Technology and Process
The card itself is printed on Powercoat(R) Alive paper, developed and manufactured by OE-A member Arjowiggins. This “intelligent” paper with embedded NFC technology makes it possible to print connected objects using traditional printing methods. This material combines the multiple award-winning specialty paper – adapted for printing electronics by using a patented technology – with printed circuits and an embedded, unpackaged silicon chip on which data is stored. The printed circuits are produced via screen printing process, dried and rendered conductive via a high-temperature sintering process. The paper is then laminated with an aqueous glue between two sheets of fine paper, making for a seamlessly integrated chip.
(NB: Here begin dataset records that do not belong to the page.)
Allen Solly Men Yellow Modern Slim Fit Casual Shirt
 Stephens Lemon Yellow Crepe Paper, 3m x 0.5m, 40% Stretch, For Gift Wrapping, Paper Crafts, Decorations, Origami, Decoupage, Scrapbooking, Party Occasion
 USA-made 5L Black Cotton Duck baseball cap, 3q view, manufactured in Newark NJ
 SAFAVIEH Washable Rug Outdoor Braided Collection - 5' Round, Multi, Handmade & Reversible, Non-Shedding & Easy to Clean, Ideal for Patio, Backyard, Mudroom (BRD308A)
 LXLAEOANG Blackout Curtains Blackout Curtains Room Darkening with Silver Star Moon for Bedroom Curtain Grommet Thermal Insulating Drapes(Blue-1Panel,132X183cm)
This NFC tag is therefore a perfect example of a hybrid system.
Placing an NFC-enabled device in close proximity (within a few centimeters) of the printed RFID circuit containing the chip enables small amounts of data to be transferred between the devices. Passive RFID tags are powered by the electromagnetic energy transmitted from the NFC-enabled device/reader. Consequently, it needs to be held close to the substrate to ensure that the radio waves are strong enough to power the tags. The card itself can be recycled because it contains no plastics. The ink and tiny silicon chip can easily be extracted before recycling. Furthermore, these Powercoat paper inlays provide the perfect way to integrate printed electronic functions into plastics and other laminates, opening up a world of opportunities for new intelligent objects.